*** Opening of Task data ***
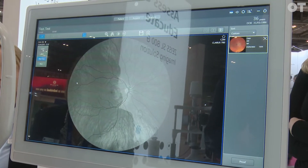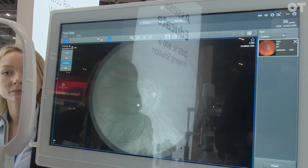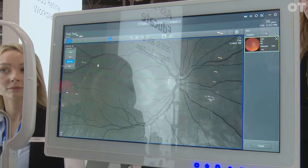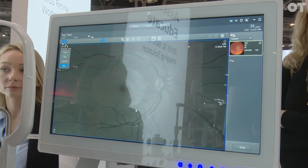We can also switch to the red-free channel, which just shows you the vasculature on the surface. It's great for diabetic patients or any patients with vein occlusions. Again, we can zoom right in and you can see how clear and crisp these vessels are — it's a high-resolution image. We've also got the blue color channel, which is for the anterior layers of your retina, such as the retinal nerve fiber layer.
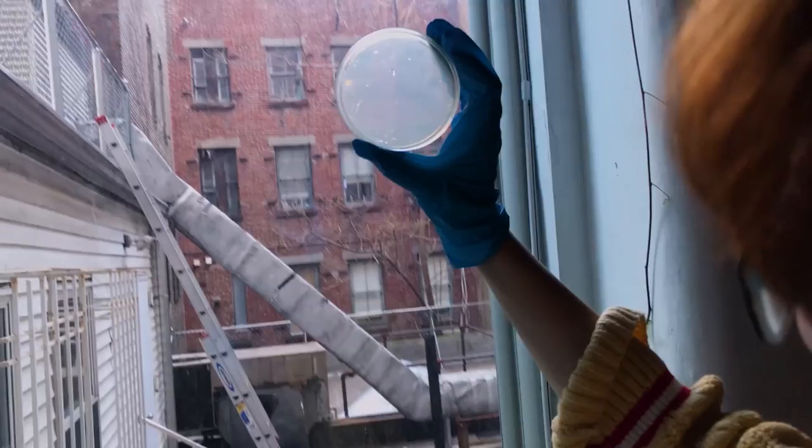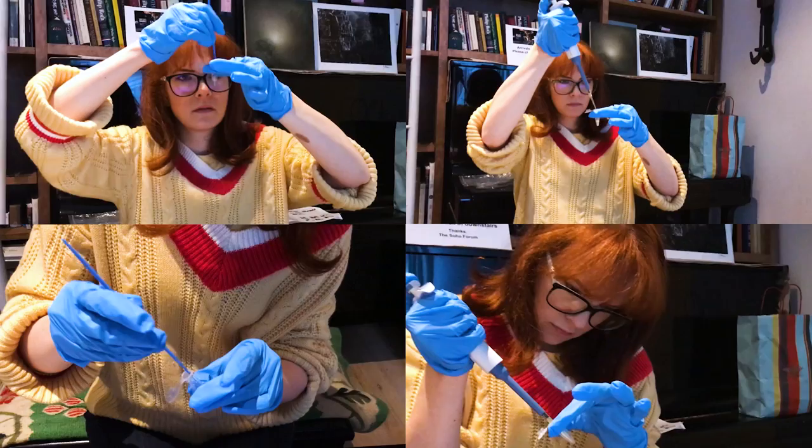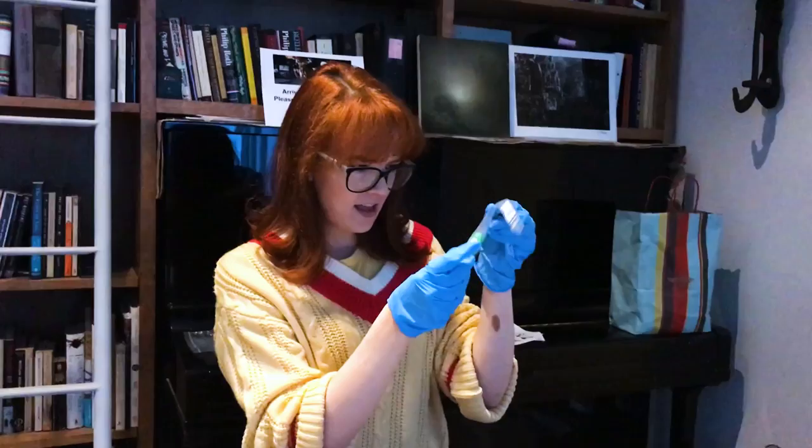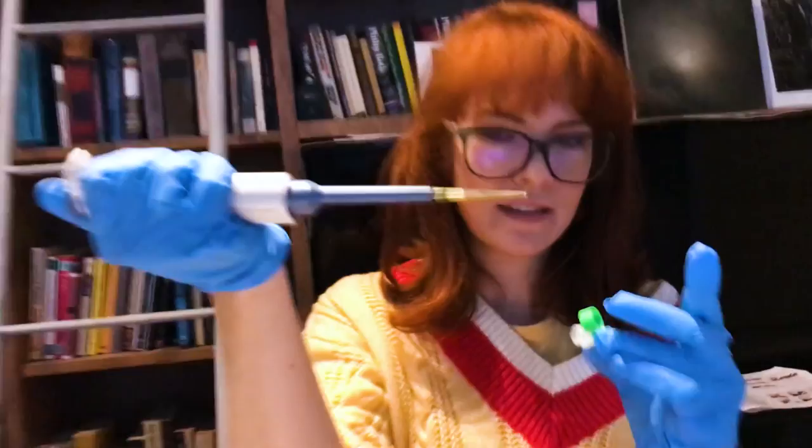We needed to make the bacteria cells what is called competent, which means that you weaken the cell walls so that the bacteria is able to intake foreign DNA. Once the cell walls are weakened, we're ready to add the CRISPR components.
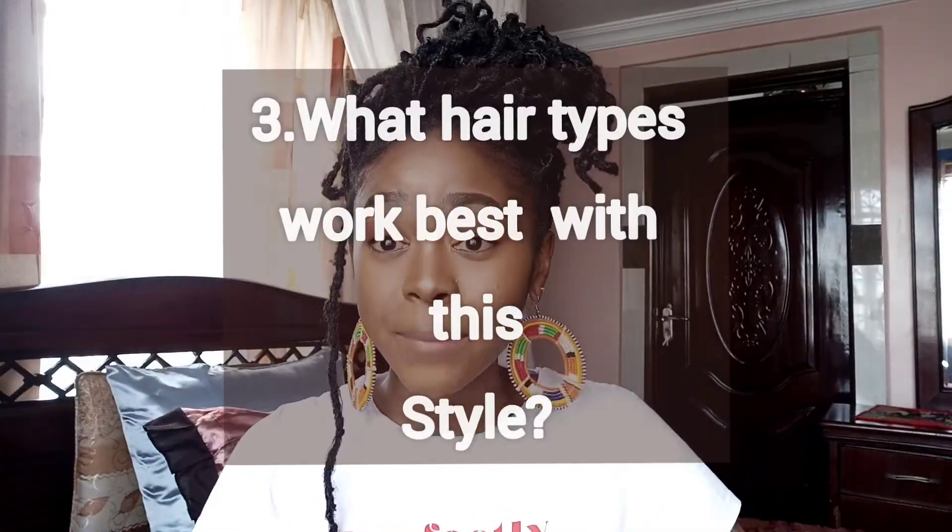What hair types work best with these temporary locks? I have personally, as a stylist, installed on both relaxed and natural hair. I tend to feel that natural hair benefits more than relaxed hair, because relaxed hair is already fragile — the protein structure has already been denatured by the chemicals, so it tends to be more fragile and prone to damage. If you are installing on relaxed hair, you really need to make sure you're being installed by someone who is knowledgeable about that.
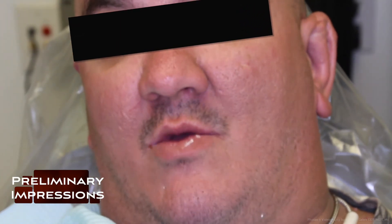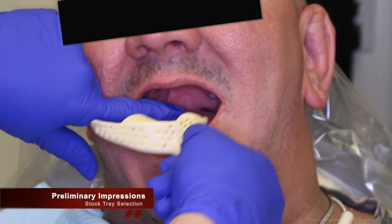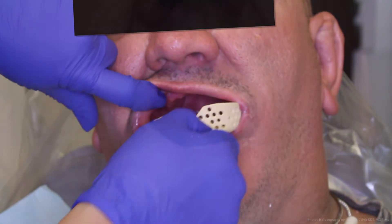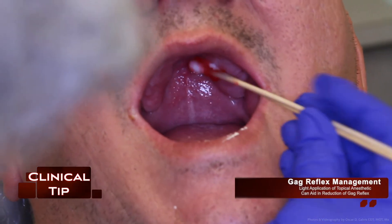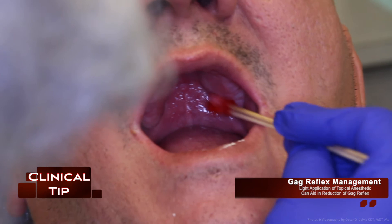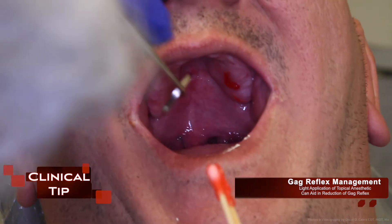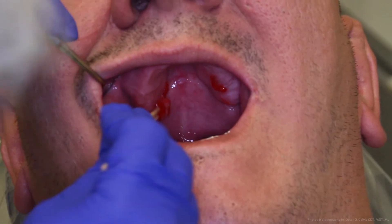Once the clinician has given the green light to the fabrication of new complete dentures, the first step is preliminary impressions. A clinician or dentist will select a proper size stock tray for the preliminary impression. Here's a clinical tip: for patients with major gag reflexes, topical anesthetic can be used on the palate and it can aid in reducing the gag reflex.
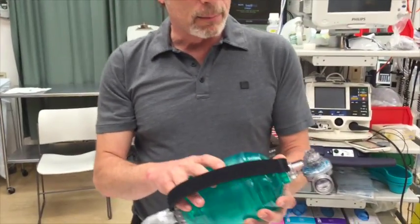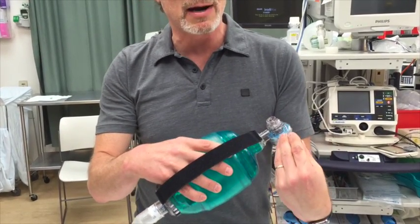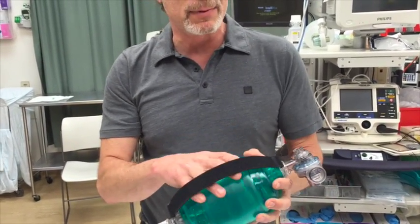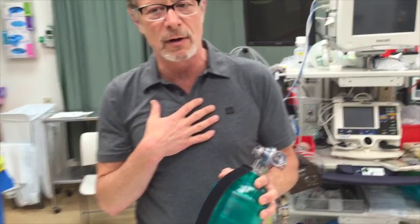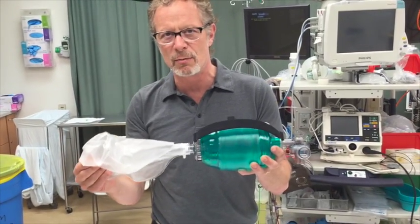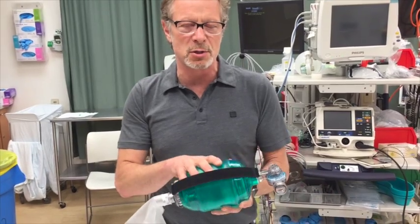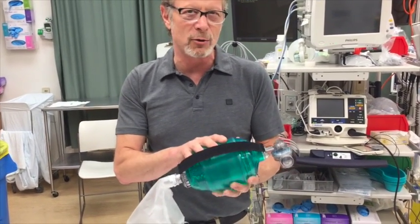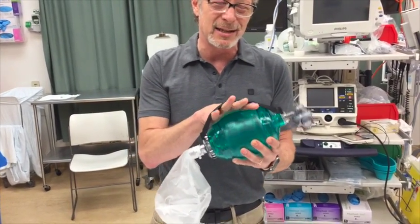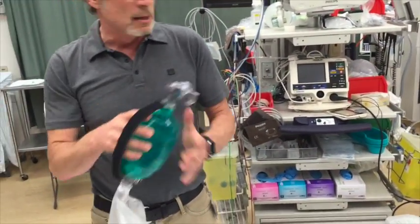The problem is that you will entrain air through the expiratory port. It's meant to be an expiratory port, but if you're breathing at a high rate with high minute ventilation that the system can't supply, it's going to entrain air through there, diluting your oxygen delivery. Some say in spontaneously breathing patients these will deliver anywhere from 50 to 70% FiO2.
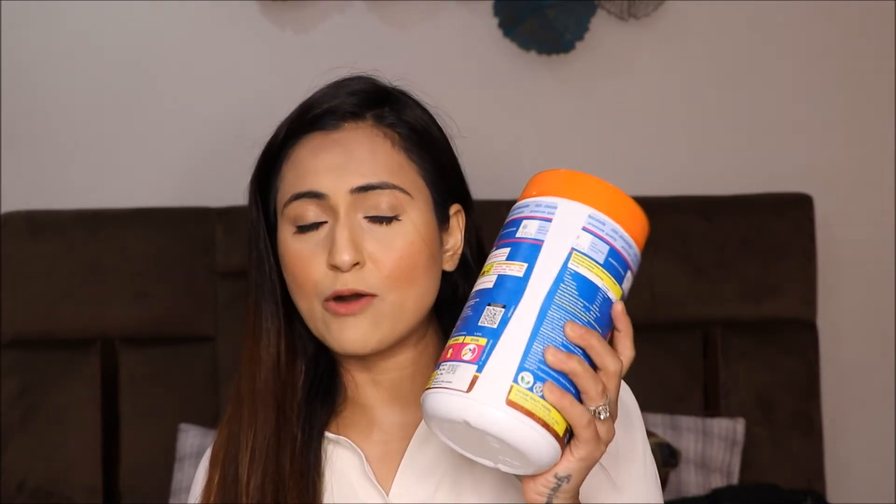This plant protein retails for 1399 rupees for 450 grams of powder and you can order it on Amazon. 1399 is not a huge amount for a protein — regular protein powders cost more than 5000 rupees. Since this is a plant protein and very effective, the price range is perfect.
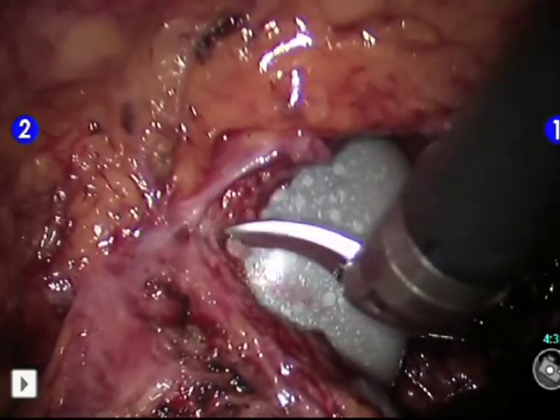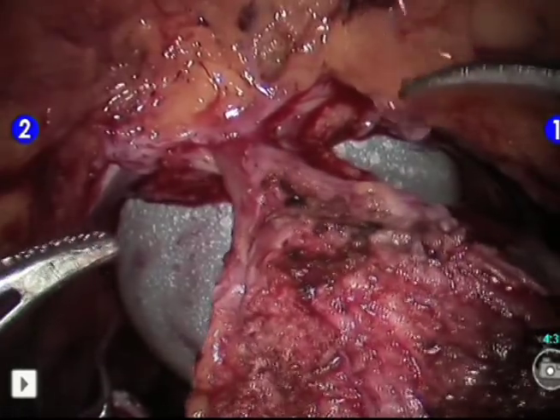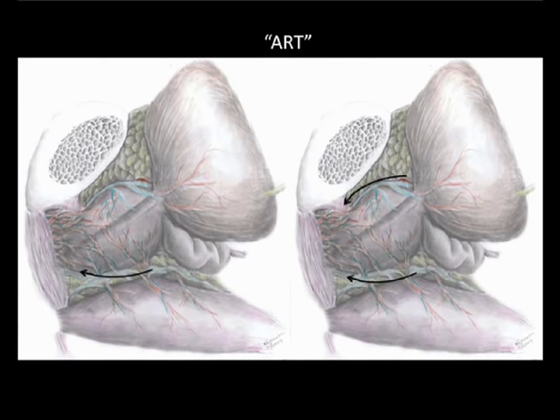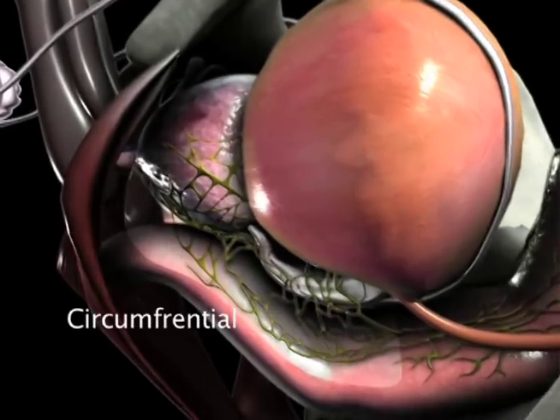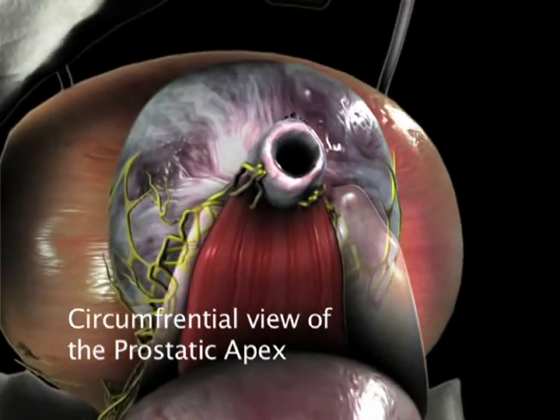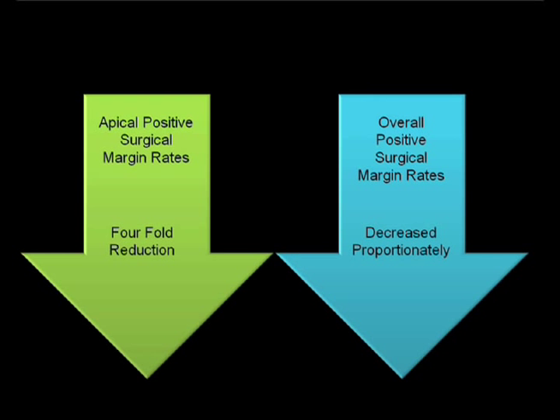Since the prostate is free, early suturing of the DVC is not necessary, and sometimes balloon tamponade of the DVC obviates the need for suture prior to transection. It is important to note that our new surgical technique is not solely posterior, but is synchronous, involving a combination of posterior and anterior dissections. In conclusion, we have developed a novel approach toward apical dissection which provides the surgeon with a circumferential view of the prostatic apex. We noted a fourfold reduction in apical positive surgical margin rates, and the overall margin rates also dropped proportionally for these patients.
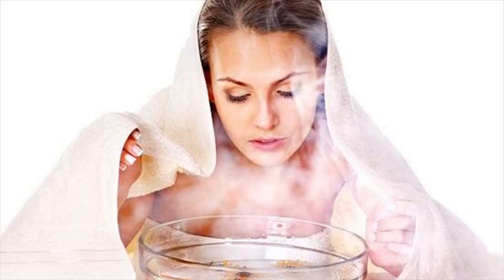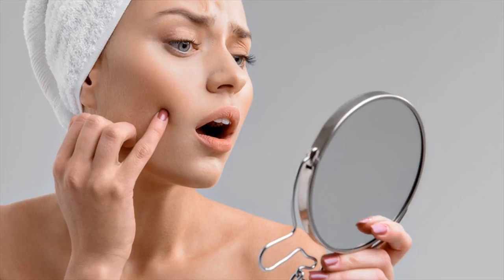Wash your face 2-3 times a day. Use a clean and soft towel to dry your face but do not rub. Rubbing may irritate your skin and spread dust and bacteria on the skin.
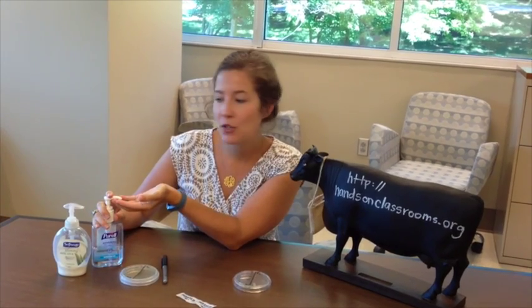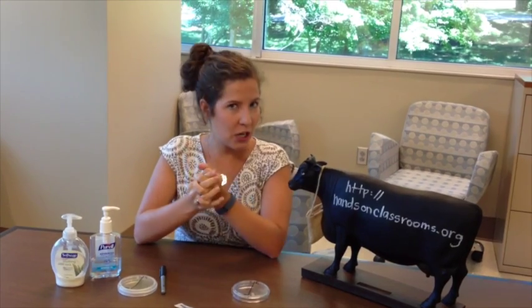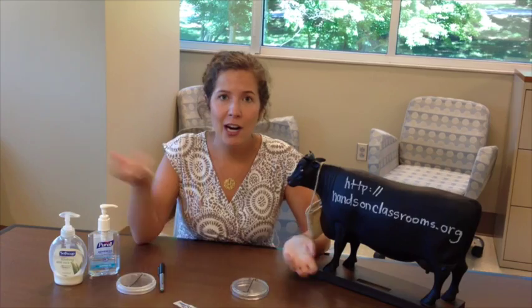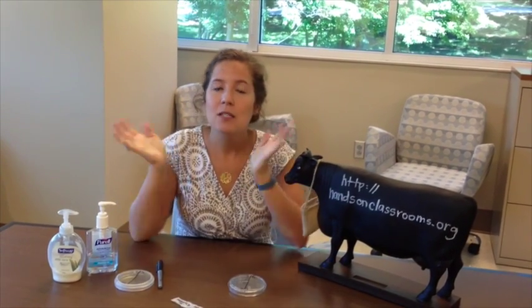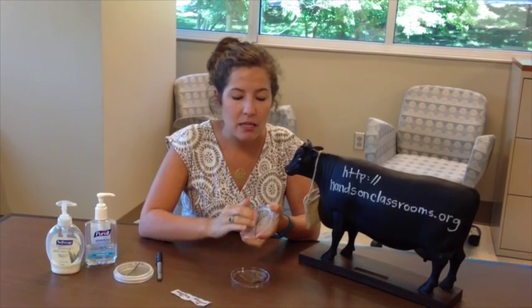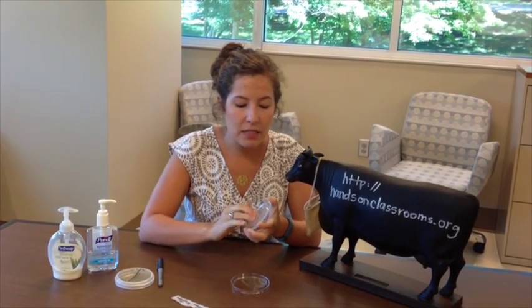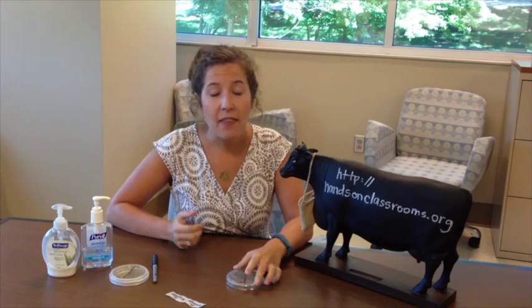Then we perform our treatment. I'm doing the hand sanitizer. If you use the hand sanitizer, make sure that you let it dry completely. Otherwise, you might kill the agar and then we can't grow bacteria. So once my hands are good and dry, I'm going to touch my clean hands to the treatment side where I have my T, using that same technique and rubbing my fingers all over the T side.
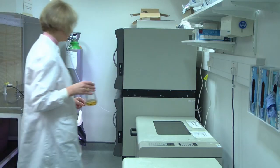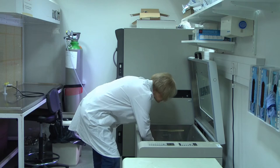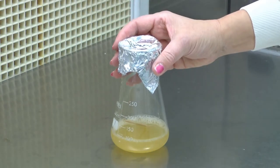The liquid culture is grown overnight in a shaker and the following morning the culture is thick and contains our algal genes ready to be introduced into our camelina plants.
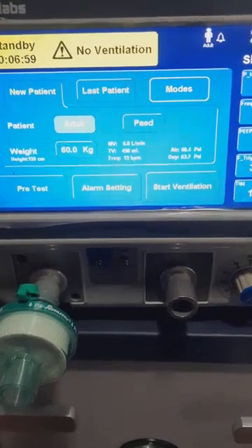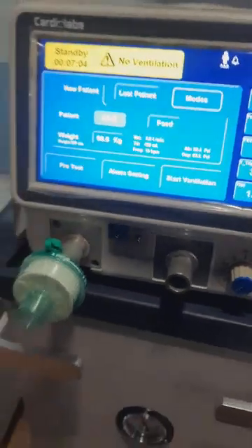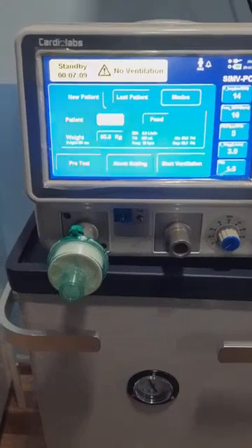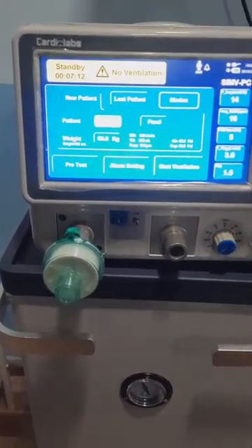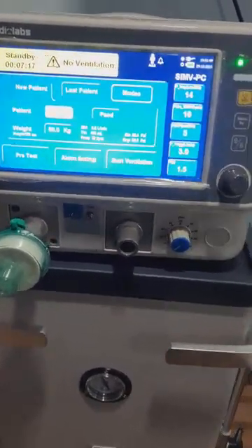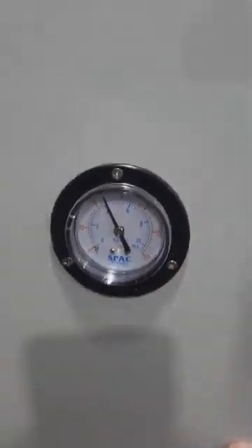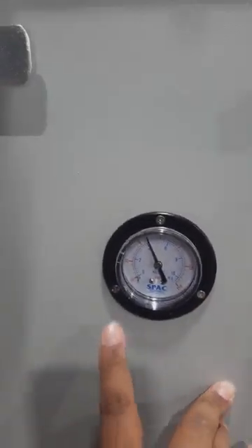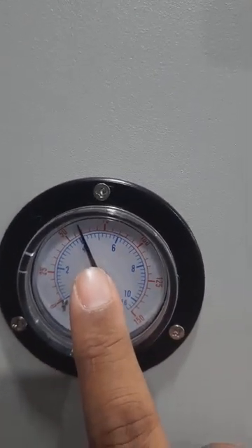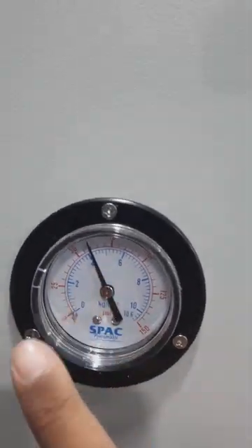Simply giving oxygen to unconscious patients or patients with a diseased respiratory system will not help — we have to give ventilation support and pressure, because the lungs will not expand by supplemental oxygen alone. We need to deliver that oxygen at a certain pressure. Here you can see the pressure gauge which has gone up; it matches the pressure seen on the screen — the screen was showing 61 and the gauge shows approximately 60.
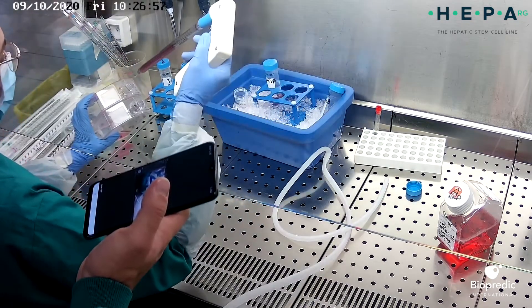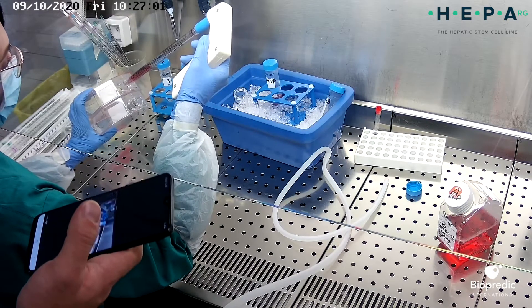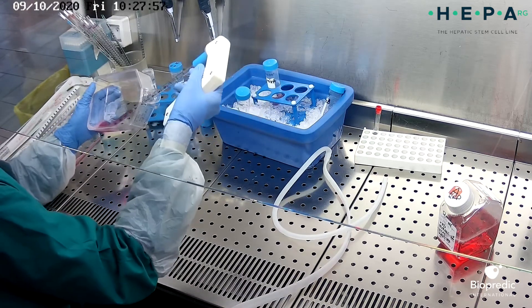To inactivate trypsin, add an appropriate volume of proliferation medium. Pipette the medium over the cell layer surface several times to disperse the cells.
*** Close of Task data ***
Copy the preceding data in full and word for word, dropping its pictures.

We can also switch to the red-free channel, which just shows you the vasculature on the surface. It's great for diabetic patients or any patients with vein occlusions. Again, we can zoom right in and you can see how clear and crisp these vessels are — it's a high-resolution image. We've also got the blue color channel, which is for the anterior layers of your retina, such as the retinal nerve fiber layer.
We needed to make the bacteria cells what is called competent, which means that you weaken the cell walls so that the bacteria is able to intake foreign DNA. Once the cell walls are weakened, we're ready to add the CRISPR components.
What hair types work best with these temporary locks? I have personally, as a stylist, installed on both relaxed and natural hair. I tend to feel that natural hair benefits more than relaxed hair, because relaxed hair is already fragile — the protein structure has already been denatured by the chemicals, so it tends to be more fragile and prone to damage. If you are installing on relaxed hair, you really need to make sure you're being installed by someone who is knowledgeable about that.
Once the clinician has given the green light to the fabrication of new complete dentures, the first step is preliminary impressions. A clinician or dentist will select a proper size stock tray for the preliminary impression. Here's a clinical tip: for patients with major gag reflexes, topical anesthetic can be used on the palate and it can aid in reducing the gag reflex.
The problem is that you will entrain air through the expiratory port. It's meant to be an expiratory port, but if you're breathing at a high rate with high minute ventilation that the system can't supply, it's going to entrain air through there, diluting your oxygen delivery. Some say in spontaneously breathing patients these will deliver anywhere from 50 to 70% FiO2.
This plant protein retails for 1399 rupees for 450 grams of powder and you can order it on Amazon. 1399 is not a huge amount for a protein — regular protein powders cost more than 5000 rupees. Since this is a plant protein and very effective, the price range is perfect.
Since the prostate is free, early suturing of the DVC is not necessary, and sometimes balloon tamponade of the DVC obviates the need for suture prior to transection. It is important to note that our new surgical technique is not solely posterior, but is synchronous, involving a combination of posterior and anterior dissections. In conclusion, we have developed a novel approach toward apical dissection which provides the surgeon with a circumferential view of the prostatic apex. We noted a fourfold reduction in apical positive surgical margin rates, and the overall margin rates also dropped proportionally for these patients.
Wash your face 2-3 times a day. Use a clean and soft towel to dry your face but do not rub. Rubbing may irritate your skin and spread dust and bacteria on the skin.
Then we perform our treatment. I'm doing the hand sanitizer. If you use the hand sanitizer, make sure that you let it dry completely. Otherwise, you might kill the agar and then we can't grow bacteria. So once my hands are good and dry, I'm going to touch my clean hands to the treatment side where I have my T, using that same technique and rubbing my fingers all over the T side.
The liquid culture is grown overnight in a shaker and the following morning the culture is thick and contains our algal genes ready to be introduced into our camelina plants.
Simply giving oxygen to unconscious patients or patients with a diseased respiratory system will not help — we have to give ventilation support and pressure, because the lungs will not expand by supplemental oxygen alone. We need to deliver that oxygen at a certain pressure. Here you can see the pressure gauge which has gone up; it matches the pressure seen on the screen — the screen was showing 61 and the gauge shows approximately 60.
To inactivate trypsin, add an appropriate volume of proliferation medium. Pipette the medium over the cell layer surface several times to disperse the cells.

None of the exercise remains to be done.